Monthly Archive for June, 2007

The Gap between Finance and IT

What is your organisation missing? Let’s see:

  • Have a hot IT team, capable of establishing reliable, secure, performing systems within budget? Check.
  • Have a keen finance team, dedicated, involved, trusted? Check.

So where’s the gap?

It’s certainly there. I know it is because I often can’t deliver the information that managers want; I can’t answer the root cause questions to the numbers that I present.
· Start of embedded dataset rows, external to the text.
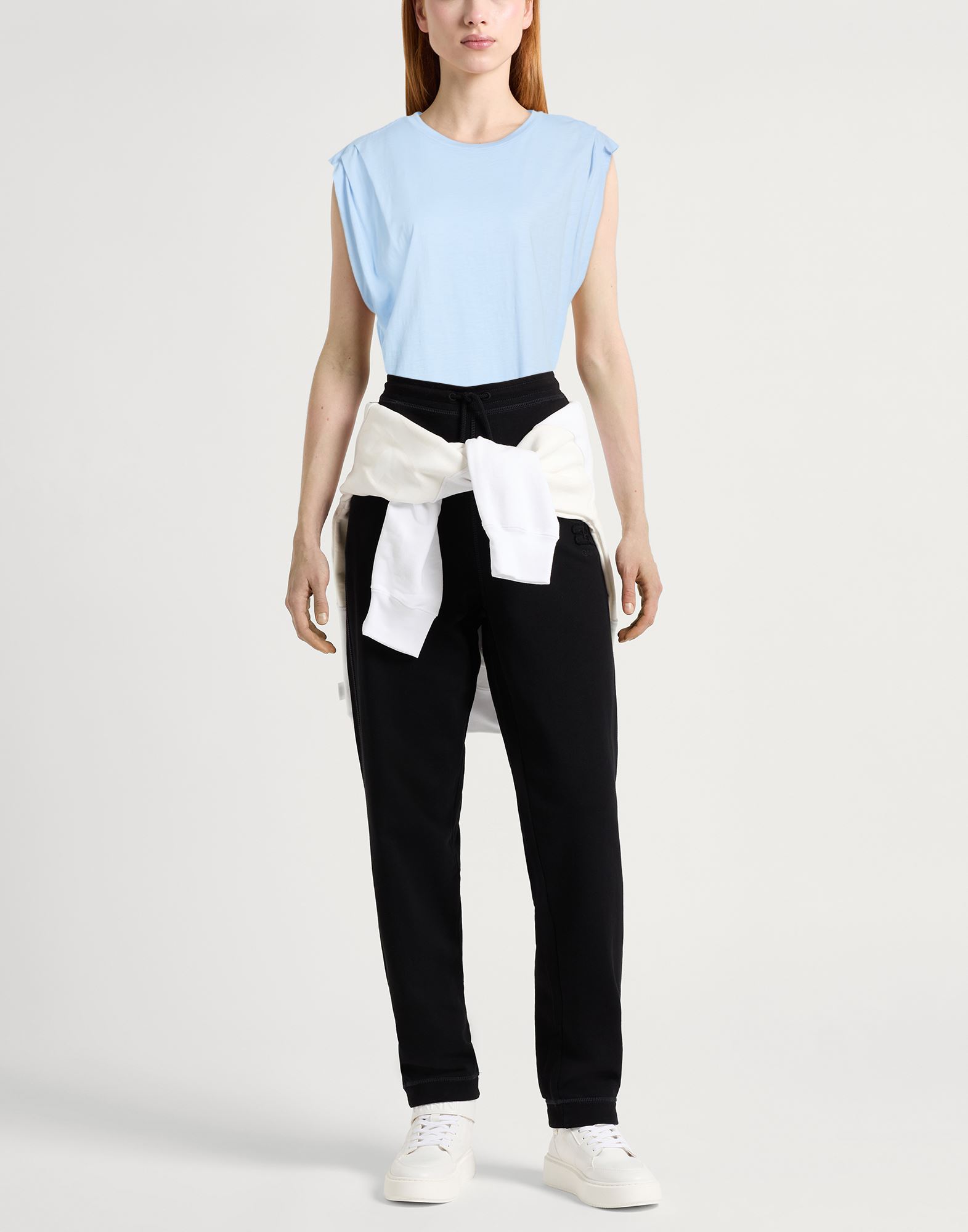  Rag & Bone - Tops - T-shirts - On Yoox.com 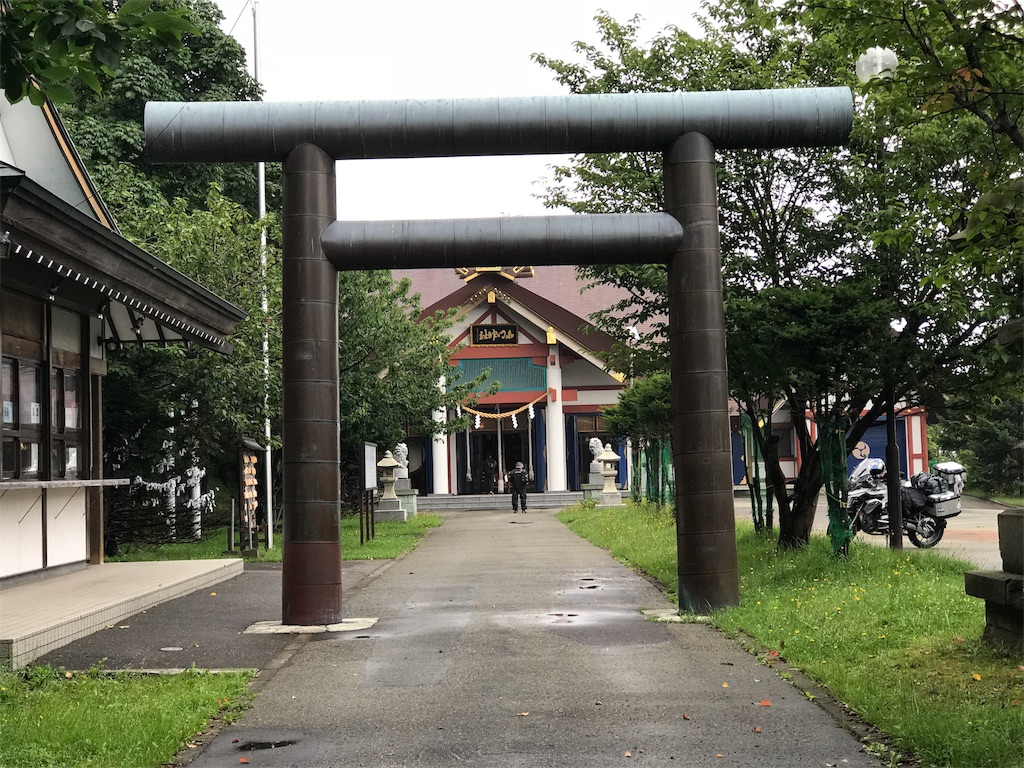 f:id:BMW-KEI:20180908120635j:image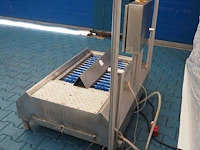 Nn sole cleaner - afbeelding 3 van  8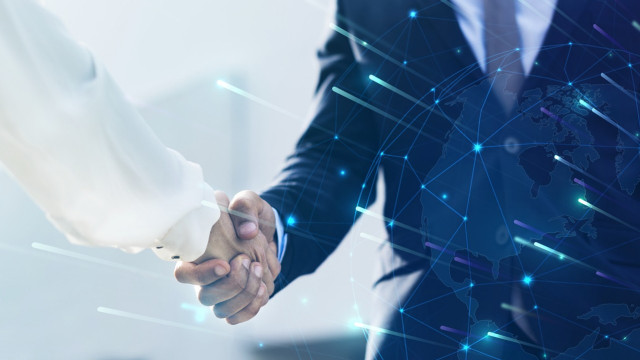На инвестфоруме KGIR подписано соглашений на 1,6 млрд долларов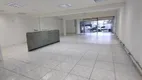 Foto 7 de Sala Comercial para alugar, 100m² em São João, Porto Alegre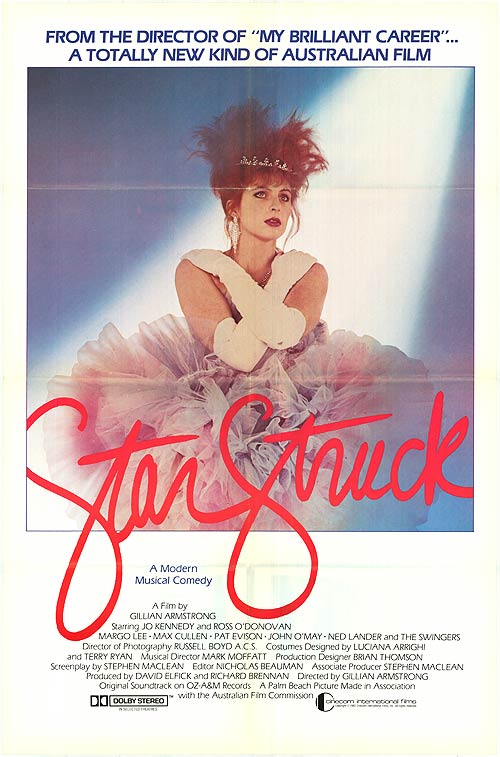Starstruck_movie_poster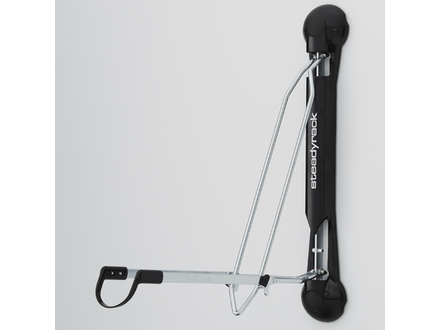 Steadyrack Support à vélo SteadyRack Fender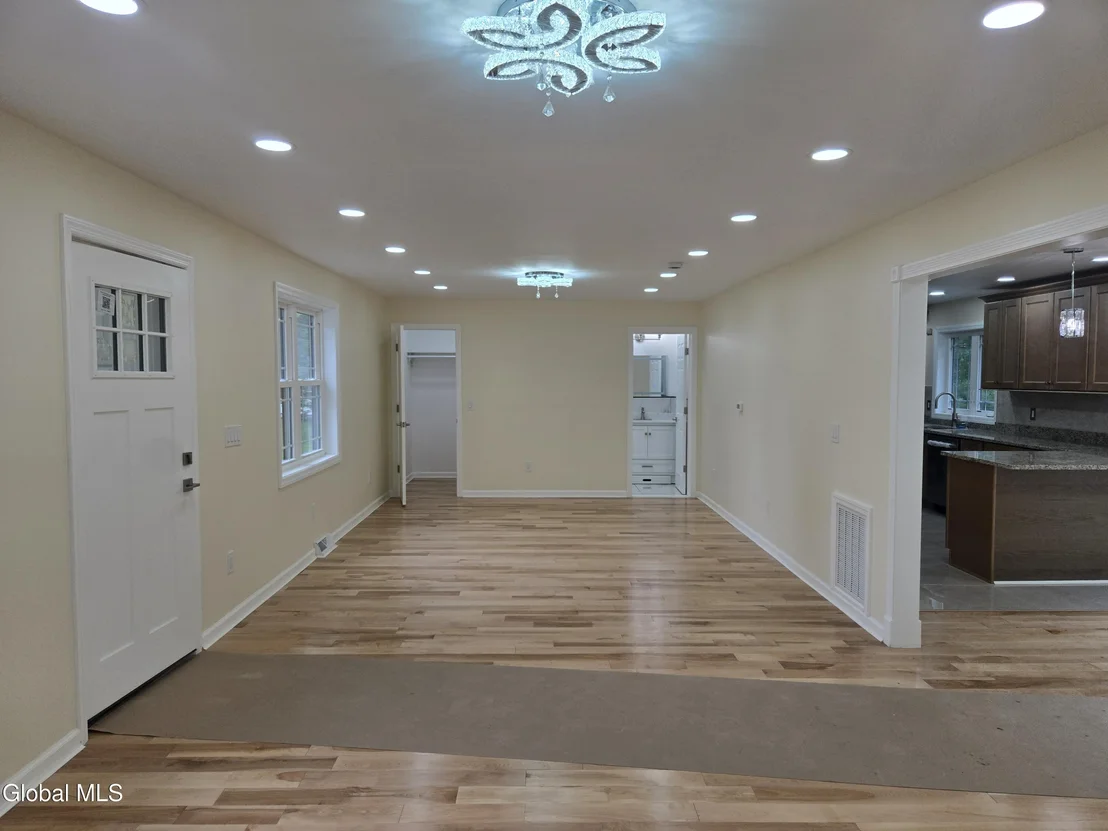 Photo of 9 Alva Drive
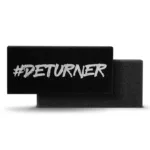 Deturner Cube Coating Applicator - Aplikator do powłok ceramicznych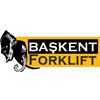1600 Kg Dizel Forklift Still RX 70-16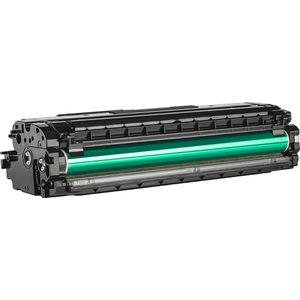 Produktbild für Toner KMP SA-T66 für Samsung CLT-M506L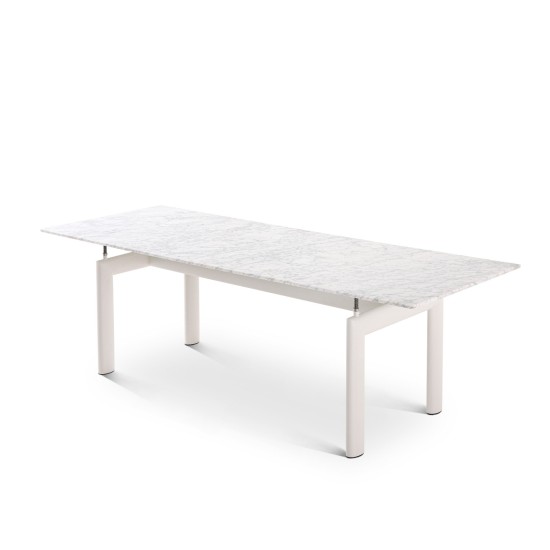 CASSINA TUBE OUTDOOR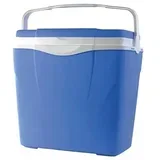 Frižider EL FRESCO ANTARCTICA 24L Blue Atoll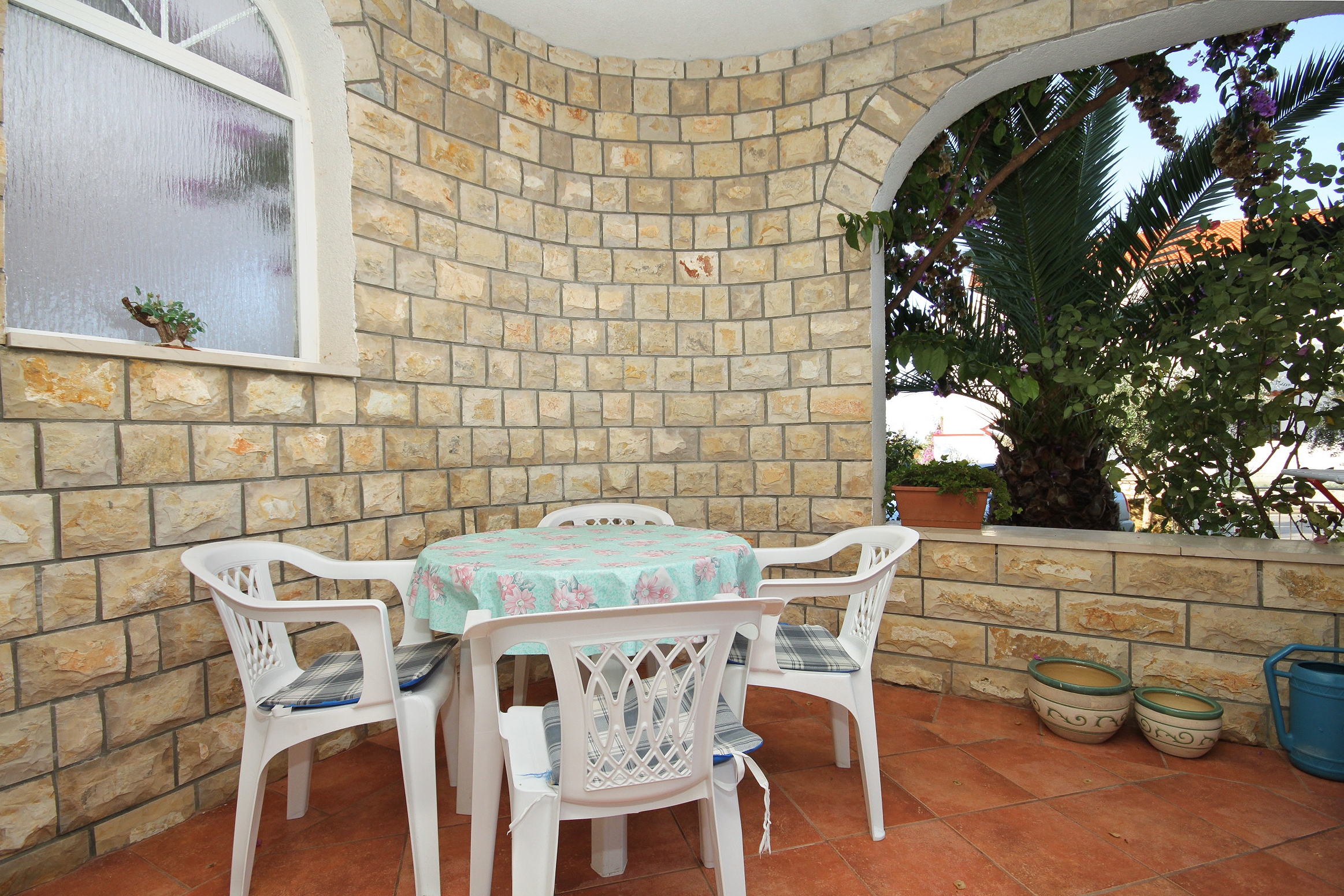 Top Pag Novalja Top Pag Novalja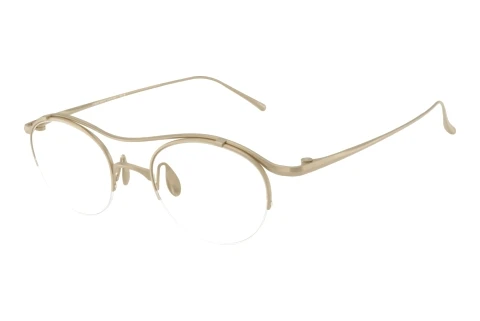 Designerbrillen Giorgio Armani AR5158T 3408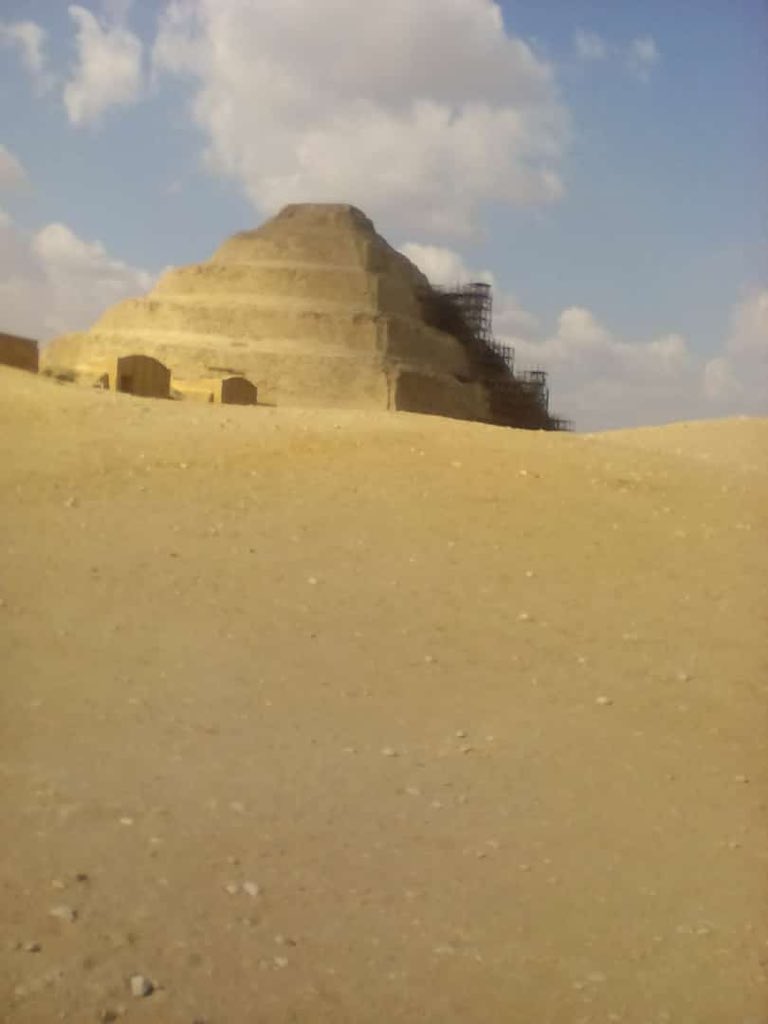 Mido__mosa's tweet photo. #this_is_egypt سقارة من اجمل المدن التاريخية في مصر🇪🇬🔱🀄️ https://t.co/0pcCSAEbgb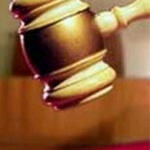 Американский суд вернул мат в SMS-ки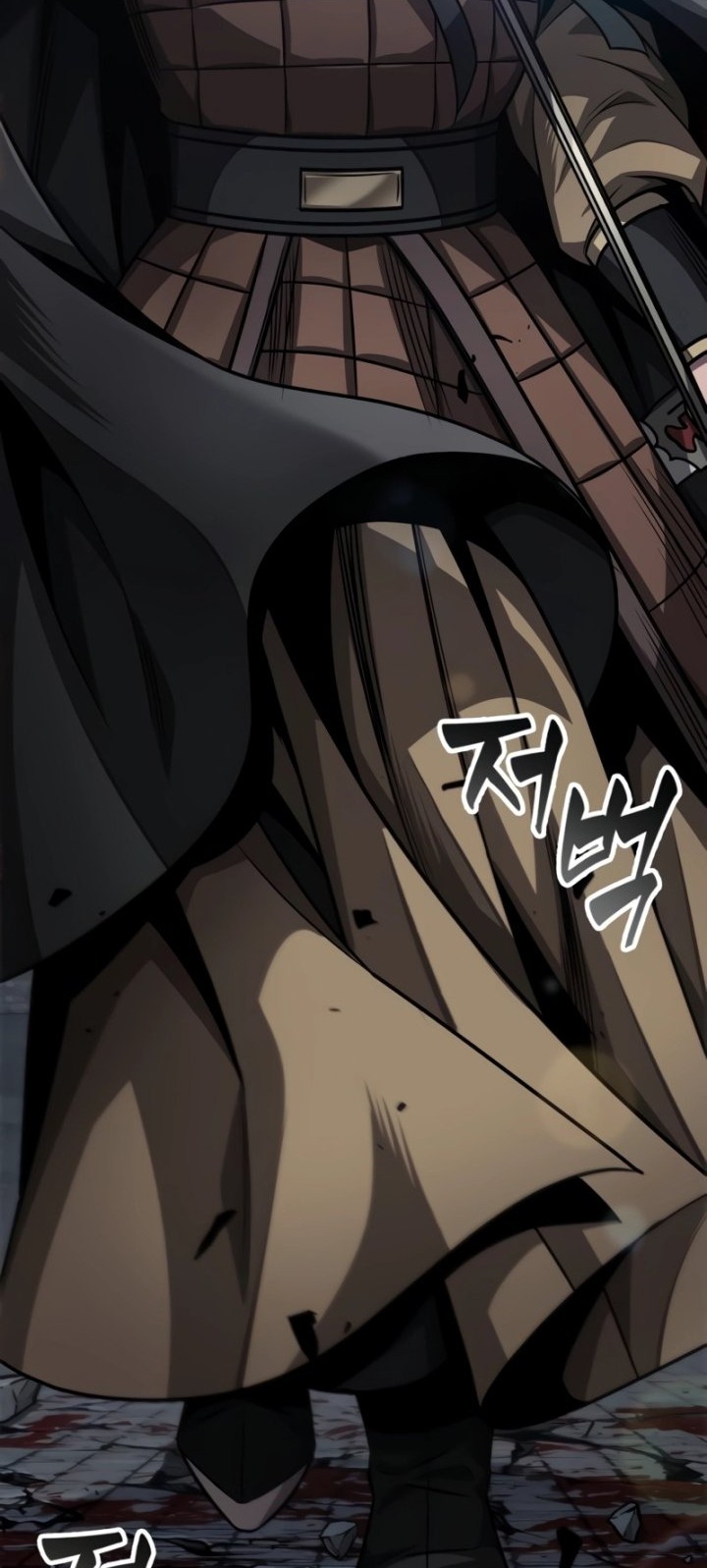 Chapter 194 - halaman 52
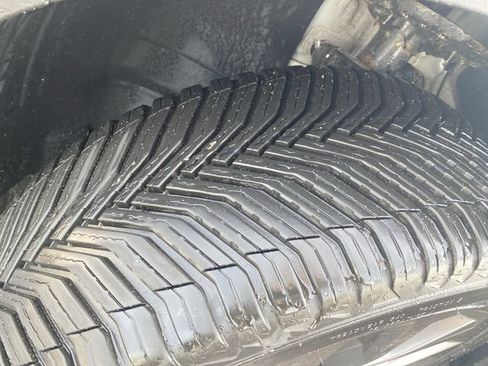 Used 2022 Kia Sorento X-Line EX image 44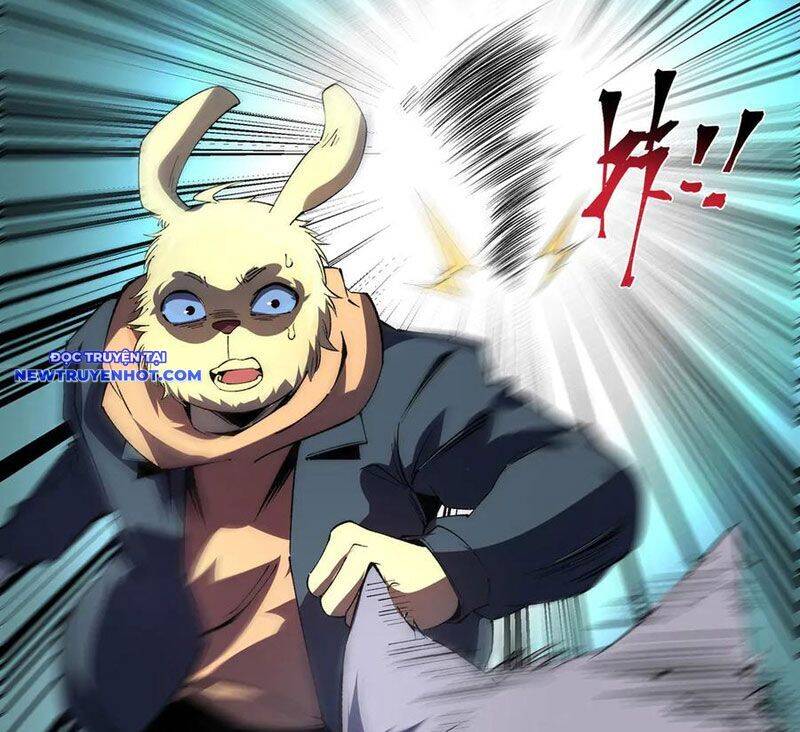 vô hạn thôi diễn chapter 26 94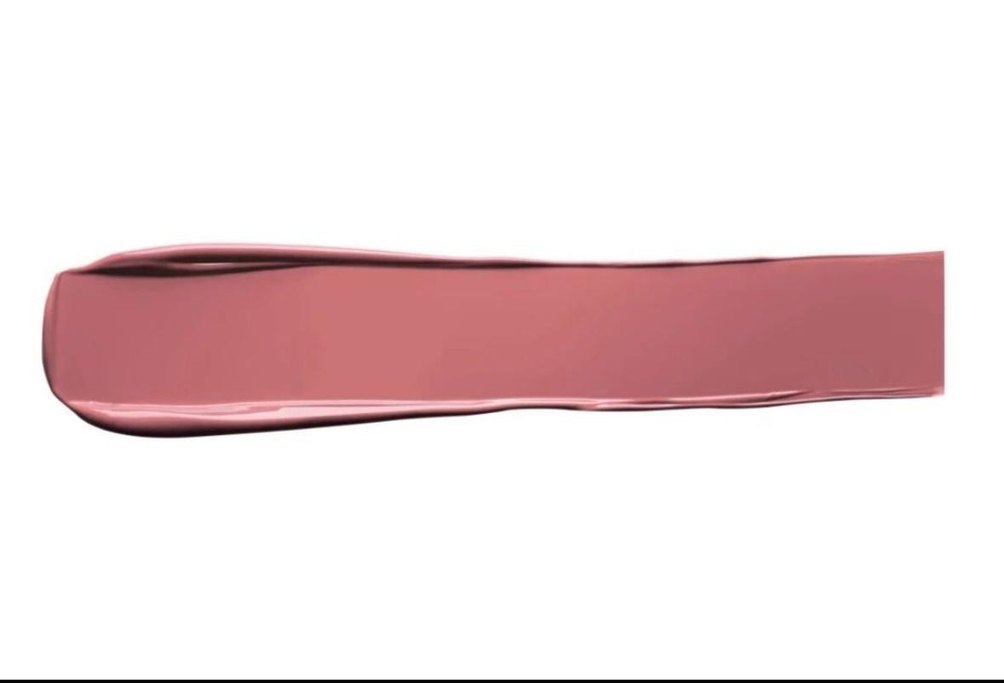 Yves Saint Laurent Make Me Blush allık 44 numara - Görsel 2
This gap is a cause of systems falling short of expectation, of organisations not being able to get out of their systems what they are looking for.

The bases are not covered

I believe the gap arises where

  1. accountants take responsibility for the content and meaning of data but not how to store and retrieve it, and
  2. IT people take responsibility for storage and retrieval of data but no accountability for what the numbers mean or how they are presented*, but
  3. nobody understands both.

* - I’m grateful to Stephan-Robert Langer for giving me this characterisation of how accountants and IT people relate to data.

The same gap is identified by David Carter in his call to accountants to break up the BI party.

Filling the Gap

I think I’ve long recognised this gap, because I invariably took on the role of filling it in all of the companies I worked for. So who is in the best place to fill it, an IT person willing to learn financial concepts and take on responsibility for the meaning of data, or an accountant not afraid to grapple with SQL, data normalisation and storage technologies?

It sounds a tough call on both counts, doesn’t it? However, the pragmatic answer is clear. At the end of the day, the accountant is accountable for the numbers, and if that means straddling the gap into IT skills to ensure they can be delivered and explained then that needs to be done. No one else is going to do it.